Rumania, once a mere princedom attached to the Sultanate of Turkey, won independence and the rank of Kingdom under her first Bratianu Premier, famed Ion (John) the Great in 1881. His son, also Ion and also great, saw the Rumanian House of Hohenzollern safely through the War, which brought the nation huge new territories. He induced flamboyant Queen Marie's quiet husband (whose name, already forgotten, was Ferdinand) to exact the abdication of Crown Prince Carol. When King Ferdinand died and Carol's son Mihai became Rumania's "Boy King" (TIME, Aug. 1, 1927), Rumanians said "It is now Ion who reigns and rules," but later that same year grizzled, astute old Ion Bratianu died, leaving the Premiership to his brother Vintila.

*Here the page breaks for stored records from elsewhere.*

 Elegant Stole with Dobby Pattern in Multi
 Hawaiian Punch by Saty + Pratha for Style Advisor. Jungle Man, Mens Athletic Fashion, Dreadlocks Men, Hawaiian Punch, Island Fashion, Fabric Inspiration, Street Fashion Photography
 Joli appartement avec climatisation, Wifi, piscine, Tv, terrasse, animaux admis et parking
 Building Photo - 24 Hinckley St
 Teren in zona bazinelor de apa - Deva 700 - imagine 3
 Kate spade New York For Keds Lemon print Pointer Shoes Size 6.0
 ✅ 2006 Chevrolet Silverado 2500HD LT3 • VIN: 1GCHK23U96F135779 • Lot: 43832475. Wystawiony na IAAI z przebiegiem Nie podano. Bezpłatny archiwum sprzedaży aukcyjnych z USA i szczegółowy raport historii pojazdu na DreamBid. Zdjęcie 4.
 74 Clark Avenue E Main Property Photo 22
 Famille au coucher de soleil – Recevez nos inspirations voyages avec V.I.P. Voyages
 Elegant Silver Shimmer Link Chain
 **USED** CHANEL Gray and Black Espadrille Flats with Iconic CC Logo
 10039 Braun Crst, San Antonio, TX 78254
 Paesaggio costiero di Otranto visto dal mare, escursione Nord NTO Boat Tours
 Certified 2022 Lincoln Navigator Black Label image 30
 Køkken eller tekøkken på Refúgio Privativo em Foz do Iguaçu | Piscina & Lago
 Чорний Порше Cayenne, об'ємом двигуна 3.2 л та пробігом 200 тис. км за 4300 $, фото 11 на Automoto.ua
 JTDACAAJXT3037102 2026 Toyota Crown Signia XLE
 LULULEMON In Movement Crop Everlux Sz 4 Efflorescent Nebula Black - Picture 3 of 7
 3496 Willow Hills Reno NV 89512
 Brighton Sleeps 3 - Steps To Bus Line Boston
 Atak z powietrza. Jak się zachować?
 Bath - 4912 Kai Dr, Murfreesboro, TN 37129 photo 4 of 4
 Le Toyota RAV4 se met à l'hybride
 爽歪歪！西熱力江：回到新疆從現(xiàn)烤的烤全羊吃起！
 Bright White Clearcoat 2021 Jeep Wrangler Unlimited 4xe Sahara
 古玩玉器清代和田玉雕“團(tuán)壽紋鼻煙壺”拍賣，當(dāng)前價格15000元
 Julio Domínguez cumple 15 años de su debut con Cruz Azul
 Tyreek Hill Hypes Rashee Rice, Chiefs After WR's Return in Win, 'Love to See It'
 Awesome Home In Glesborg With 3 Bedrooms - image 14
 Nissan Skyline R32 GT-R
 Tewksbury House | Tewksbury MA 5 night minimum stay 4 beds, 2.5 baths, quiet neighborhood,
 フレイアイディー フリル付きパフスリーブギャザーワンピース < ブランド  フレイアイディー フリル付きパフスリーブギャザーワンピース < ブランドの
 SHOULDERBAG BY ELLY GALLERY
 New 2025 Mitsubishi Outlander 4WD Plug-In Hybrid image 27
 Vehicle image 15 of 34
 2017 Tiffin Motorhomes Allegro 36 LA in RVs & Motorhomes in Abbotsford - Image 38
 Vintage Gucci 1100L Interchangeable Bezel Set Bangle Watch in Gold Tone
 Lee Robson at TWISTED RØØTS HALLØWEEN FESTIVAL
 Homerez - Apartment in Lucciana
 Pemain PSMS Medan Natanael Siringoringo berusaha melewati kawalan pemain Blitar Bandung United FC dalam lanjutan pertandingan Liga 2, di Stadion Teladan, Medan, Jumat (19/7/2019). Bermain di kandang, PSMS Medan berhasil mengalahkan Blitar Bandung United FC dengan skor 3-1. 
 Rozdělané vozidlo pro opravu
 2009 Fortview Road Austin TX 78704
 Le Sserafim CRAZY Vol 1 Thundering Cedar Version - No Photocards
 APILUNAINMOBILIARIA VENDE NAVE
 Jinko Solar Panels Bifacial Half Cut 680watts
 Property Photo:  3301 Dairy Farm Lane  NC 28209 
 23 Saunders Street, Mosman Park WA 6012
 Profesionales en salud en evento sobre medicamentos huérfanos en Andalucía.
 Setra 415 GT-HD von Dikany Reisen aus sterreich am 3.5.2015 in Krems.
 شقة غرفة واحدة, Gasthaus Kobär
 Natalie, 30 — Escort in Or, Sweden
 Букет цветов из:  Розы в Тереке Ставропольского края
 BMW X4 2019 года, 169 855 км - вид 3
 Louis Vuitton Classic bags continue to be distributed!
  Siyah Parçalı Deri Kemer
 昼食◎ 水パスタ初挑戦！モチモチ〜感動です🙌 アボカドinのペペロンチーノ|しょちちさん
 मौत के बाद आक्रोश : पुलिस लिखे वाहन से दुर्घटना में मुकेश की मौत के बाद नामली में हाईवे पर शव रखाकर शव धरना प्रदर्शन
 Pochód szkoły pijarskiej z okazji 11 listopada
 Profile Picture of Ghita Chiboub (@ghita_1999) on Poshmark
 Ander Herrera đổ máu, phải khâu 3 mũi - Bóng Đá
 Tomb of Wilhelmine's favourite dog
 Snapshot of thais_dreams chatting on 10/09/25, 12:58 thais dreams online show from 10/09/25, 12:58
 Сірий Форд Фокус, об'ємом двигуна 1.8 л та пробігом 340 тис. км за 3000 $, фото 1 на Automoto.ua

Followed the famed "March on Bucharest" of 60,000 unarmed, peaceful peasants who squatted, sprawled and slept all over the muddy streets of the capital in protest against the Dynasty of Bratianu. Finally Vintila, far less able and astute than Ion, was forced to resign. Advised by Rumania's three Regents, Boy King Mihai appointed as Premier the National Peasant Party leader, chipper little Professor luliu Maniu, who arrived at the Royal Palace with his new Cabinet list scribbled on a crumpled bit of paper, exclaiming "Here it is!" (TIME, Nov. 19, 1928).

Two years later the Dynasty of Bratianu seemed definitely down & out when scapegrace Carol (whom Ion had forced to abdicate) returned amid delirious triumph to Bucharest, thrust aside his own son, Boy King Mihai, and became King Carol II by an act of the Rumanian Parliament against which trembling old Vintila Bratianu alone had the courage to vote "No!" The rest of the Bratianu National Liberal Party abstained from voting and broken-hearted Vintila died later of apoplexy. King Carol ousted Mihai's mother, Queen Helen (now resident in England under the special favor and protection of George V), and brought to Bucharest his flaunting, red-haired Jewish mistress, Magda Lupescu, daughter of a junk dealer.